Этап. Железная печка жарко натоплена, в низкой и плоской, как коробка, комнате тепло и хорошо. Одетые в валенки и полушубки солдаты весело болтают и смеются… Десяти-двадцатиминутный отдых проходит как мгновение. Снова "в ружьё", песенники вперёд, и могучая русская песня звенит в морозном воздухе…

Вдруг в стороне словно из пушки хватило… Некоторые солдаты даже вздрогнули. Это лёд треснул. Подойдите поближе и вы увидите глубокую синюю полосу, идущую к чёрной воде. Расщелина понемногу раздвигается, становится шире, иногда доходит до аршина ширины. Тут видно, что лёд на этой страшной глубине не толстый, не более аршина, и жутко становится думать, что для такой страшной глубины, для этого морского простора — это только тонкий пузырь, которым затягивает в осенние заморозки глубокие лужи. А люди настроили на нём дома, варят пищу, тянут пушки, проложили рельсы… Не чудно ли? Сколько удали в этой затее, сколько смелости и энергии!

На "Середине" рота обедает.

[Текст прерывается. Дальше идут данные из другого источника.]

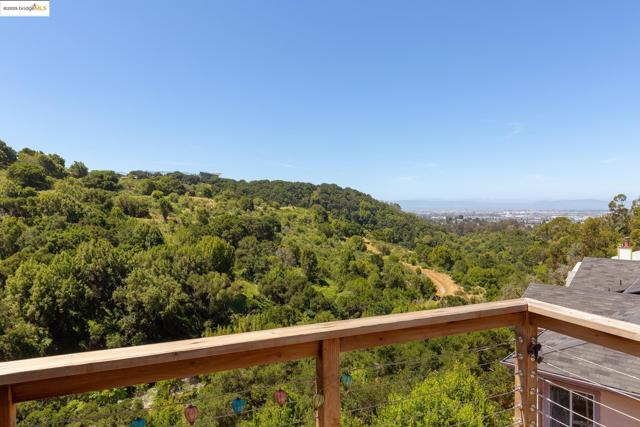 10353 Royal Oak Rd, Oakland CA: https://media.crmls.org/mediaz/eca812fd-bfeb-4ba7-9ab6-64448f4a4ea2.jpg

Остальной перегон идут уже под вечер. Небо алеет, но краски его тут, на севере, так бледны и нежны, словно это самая тонкая акварель. Не поётся. Быть может, и устали с непривычки. Усы и бороды заиндевели, идут тяжело, вразброд, и снег тут глубже, труднее идти. По всему пути длинной линией зажигаются жёлтые огоньки керосиновых фонарей, видны белые точки электрических огней на чисто срубленной, аккуратной и чистенькой станции Танхой. Медленно выплывает и начинает светить луна".

Байкал не переносил спокойно этакую густую и шумную кочёвку по себе, с капитальным, как на суше, обустройством. Морозы, пурги, превращающиеся в сплошной натиск, вой и рык, снежные заносы и ледяные торосы, а с началом весны, когда выдувает снег, остекленевший лёд, на котором не держат лошадей никакие подковы, — это ещё полбеды. А беда — трещины. В тишине под мерный визг полозьев вдруг ухнет утробно и грозно где-то в глубине и сверкнёт по льду молния. Гроза грозой, но молния в считанные секунды превращается в обрывистый раскол, на глазах он расширяется до полутора-двух аршин, куда и заглядывать жутко, и уж не пройти, не проехать. Пока Байкал метал эти молнии поперёк дороги, ремонтные артели ещё справлялись, накладывая сверху деревянные и металлические настилы. Но Байкал оказался догадлив и сменил тактику, взялся рвать лёд вдоль трассы, раз за разом заставляя переносить наезженный путь в сторону, заставляя в том числе переносить и рельсовую дорогу, которая укладывалась затем на специальные двухсаженные шпалы и пластины. Кто кого? — движение ненадолго восстанавливалось, в иные дни по льду удавалось перекатить до двухсот вагонов, пока Байкал не отыскивал, где его умудрились обойти, и не принимался готовить новый удар.

По ледовой железной дороге перекатывали ещё и паровозы, которых катастрофически не хватало на КВЖД. Нечего было и думать, как предлагали ретивые головы, опускать на лёд составы, способные своим ходом, под гудок паровозов, перебежать Байкал. Даже попытка перекатить 50-тонный паровоз едва не кончилась его потерей. Пришлось снимать с рам котлы и доставлять их по отдельности. Таким манером за четыре дня в первой декаде марта доставлено было на восточный берег 65 паровозов.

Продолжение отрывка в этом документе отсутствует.